Effect of aluminum silicate fiber modification on crack-resistance of a ceramic mould

To improve the crack-resistance of the mould for silica sol bonded quartz based ceramic mould casting, aluminum silicate fibers with the diameter ranging from 5 μm to 25 μm and the length about 1 mm were dispersed in the ceramic mould. The effect of the aluminum silicate fibers on the tensile strength, shrinkage rate and the cracking trend of the ceramic mould were investigated. In the ceramic slurry, quartz sand was applied as ceramic aggregate, silica sol containing 30% silicon dioxide as bonder, and the weight ratio of quartz sand to silica sol was 2.69; the dispersed fibers changed from 0 to 0.24vol.%. The mould samples were formed after the slurry was poured and gelled at room temperature, and then sintered at different temperatures ranging from 100 to 800 ℃ to measure the tensile strength and shrinkage rate.

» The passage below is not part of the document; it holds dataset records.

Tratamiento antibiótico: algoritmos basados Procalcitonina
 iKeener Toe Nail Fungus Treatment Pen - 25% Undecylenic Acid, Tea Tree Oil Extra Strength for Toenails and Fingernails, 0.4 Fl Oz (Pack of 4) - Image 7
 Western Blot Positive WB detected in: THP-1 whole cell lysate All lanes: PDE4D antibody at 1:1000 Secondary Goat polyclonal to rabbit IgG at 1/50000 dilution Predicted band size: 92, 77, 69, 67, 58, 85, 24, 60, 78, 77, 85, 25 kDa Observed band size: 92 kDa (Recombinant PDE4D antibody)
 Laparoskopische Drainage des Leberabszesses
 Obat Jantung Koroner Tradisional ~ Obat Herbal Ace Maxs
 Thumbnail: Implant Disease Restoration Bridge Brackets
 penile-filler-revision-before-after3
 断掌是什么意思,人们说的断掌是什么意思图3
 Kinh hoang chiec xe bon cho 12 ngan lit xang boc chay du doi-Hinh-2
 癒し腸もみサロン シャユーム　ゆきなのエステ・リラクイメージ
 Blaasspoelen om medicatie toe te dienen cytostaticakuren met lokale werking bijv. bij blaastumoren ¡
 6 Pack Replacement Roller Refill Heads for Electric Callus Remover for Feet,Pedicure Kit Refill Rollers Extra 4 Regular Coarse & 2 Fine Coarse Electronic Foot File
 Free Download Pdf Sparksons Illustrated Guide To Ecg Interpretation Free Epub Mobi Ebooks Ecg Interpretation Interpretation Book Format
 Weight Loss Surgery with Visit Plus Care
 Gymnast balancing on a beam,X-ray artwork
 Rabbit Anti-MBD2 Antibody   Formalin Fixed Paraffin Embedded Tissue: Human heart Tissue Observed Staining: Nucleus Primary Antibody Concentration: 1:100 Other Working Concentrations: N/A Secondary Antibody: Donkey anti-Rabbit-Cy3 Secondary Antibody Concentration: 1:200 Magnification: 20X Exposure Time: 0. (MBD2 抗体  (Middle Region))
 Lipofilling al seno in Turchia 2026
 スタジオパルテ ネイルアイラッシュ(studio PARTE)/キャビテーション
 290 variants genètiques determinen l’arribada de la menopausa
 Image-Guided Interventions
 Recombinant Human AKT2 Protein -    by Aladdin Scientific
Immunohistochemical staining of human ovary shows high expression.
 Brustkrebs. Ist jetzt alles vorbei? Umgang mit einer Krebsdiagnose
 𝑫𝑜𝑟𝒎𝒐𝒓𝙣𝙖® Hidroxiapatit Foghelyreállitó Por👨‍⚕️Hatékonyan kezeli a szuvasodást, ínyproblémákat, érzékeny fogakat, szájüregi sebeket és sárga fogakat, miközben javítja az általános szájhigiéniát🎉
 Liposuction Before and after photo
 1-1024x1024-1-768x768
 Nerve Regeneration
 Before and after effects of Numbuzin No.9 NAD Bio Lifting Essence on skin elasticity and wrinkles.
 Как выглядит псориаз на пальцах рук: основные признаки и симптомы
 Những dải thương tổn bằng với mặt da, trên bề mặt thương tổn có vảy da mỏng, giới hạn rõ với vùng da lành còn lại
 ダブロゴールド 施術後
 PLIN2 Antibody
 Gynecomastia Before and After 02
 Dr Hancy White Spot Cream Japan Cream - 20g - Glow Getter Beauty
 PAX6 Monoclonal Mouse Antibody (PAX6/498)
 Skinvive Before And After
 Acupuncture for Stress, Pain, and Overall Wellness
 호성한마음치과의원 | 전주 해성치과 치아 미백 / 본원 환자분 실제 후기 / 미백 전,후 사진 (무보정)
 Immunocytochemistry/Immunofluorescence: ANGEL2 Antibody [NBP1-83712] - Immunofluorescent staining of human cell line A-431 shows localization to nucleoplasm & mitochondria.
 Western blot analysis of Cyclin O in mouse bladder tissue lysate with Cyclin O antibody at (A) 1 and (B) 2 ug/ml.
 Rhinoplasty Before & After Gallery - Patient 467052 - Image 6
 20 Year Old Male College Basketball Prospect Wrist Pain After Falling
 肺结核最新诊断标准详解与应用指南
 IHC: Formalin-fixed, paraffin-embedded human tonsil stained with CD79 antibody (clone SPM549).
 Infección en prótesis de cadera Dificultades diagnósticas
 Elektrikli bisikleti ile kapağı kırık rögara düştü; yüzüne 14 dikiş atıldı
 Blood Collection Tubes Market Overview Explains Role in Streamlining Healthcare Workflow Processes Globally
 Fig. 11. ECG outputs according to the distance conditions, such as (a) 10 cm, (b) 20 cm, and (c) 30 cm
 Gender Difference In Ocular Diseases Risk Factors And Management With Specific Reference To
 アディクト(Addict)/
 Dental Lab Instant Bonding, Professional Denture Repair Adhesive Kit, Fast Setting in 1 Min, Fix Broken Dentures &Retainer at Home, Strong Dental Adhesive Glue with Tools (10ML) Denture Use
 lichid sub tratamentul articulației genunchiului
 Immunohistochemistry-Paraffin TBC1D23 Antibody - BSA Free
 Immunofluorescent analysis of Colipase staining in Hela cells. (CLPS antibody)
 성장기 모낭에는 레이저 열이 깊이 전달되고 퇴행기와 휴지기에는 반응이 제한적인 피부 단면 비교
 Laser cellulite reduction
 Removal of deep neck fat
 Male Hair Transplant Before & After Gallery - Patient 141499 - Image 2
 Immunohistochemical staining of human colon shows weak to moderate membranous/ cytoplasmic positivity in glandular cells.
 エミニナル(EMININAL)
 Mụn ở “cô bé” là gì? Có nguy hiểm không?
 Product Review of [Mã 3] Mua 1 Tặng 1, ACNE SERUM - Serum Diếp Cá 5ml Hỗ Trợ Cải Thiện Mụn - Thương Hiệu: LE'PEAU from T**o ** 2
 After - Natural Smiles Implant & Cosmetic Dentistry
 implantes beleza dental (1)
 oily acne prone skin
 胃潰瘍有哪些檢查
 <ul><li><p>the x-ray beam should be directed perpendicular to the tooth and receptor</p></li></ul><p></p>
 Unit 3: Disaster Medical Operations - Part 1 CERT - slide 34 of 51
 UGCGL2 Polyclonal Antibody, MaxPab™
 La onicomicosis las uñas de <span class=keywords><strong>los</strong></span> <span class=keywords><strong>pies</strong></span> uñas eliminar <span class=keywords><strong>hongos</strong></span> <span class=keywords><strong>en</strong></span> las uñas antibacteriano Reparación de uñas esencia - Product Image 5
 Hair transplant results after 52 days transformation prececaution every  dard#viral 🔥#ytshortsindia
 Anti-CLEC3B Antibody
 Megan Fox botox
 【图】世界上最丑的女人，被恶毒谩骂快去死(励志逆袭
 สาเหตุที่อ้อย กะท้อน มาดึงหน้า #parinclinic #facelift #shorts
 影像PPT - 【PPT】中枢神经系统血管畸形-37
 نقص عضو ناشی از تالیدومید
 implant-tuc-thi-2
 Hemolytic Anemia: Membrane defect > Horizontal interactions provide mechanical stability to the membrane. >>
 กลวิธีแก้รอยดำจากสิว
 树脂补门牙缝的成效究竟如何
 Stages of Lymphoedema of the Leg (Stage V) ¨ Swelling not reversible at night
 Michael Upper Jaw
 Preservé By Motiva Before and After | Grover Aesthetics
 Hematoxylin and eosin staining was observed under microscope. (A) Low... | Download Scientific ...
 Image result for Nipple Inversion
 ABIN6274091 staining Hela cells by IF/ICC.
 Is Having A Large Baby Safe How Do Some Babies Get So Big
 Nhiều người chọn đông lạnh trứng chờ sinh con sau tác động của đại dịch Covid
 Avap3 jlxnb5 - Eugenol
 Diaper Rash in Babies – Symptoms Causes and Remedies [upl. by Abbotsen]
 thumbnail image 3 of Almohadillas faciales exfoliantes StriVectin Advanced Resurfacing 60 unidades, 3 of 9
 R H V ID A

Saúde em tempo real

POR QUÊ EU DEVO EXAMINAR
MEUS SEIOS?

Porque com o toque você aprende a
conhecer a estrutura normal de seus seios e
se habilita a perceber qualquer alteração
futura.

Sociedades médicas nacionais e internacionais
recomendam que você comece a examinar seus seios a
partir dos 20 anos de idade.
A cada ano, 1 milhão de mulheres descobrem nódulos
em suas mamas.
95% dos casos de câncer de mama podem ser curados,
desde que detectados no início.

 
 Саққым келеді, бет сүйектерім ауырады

The results show that, with the aluminum silicate fiber addition increasing from 0 to 0.24vol.%, the tensile strength increases linearly from 0.175 MPa to 0.236 MPa, and the shrinkage rate decreases linearly from 1.75% to 1.68% for the ceramic mould sintered at 400 ℃, from 1.37% to 1.31% for the ceramic mould at room temperature. As the sintering temperature was raised from 100 ℃ to 800 ℃, the tensile strength increases, and the shrinkage rate decreases at all temperatures, compared with those without fiber dispersion, but their variation patterns remain the same. Furthermore, the cracking trend of the mould and its decreasing proportion were defined and analyzed quantitatively considering both effects of the fiber dispersion on the strength and shrinkage. The cracking trend appears to decrease linearly with increasing fiber content and to reach the maximum reduction of 28.8% when 0.24vol.% fiber was dispersed. Therefore, the investigation proposes a new method to improve the crack-resistance of the ceramic mould, i.e., inorganic fiber dispersion into the ceramic mould.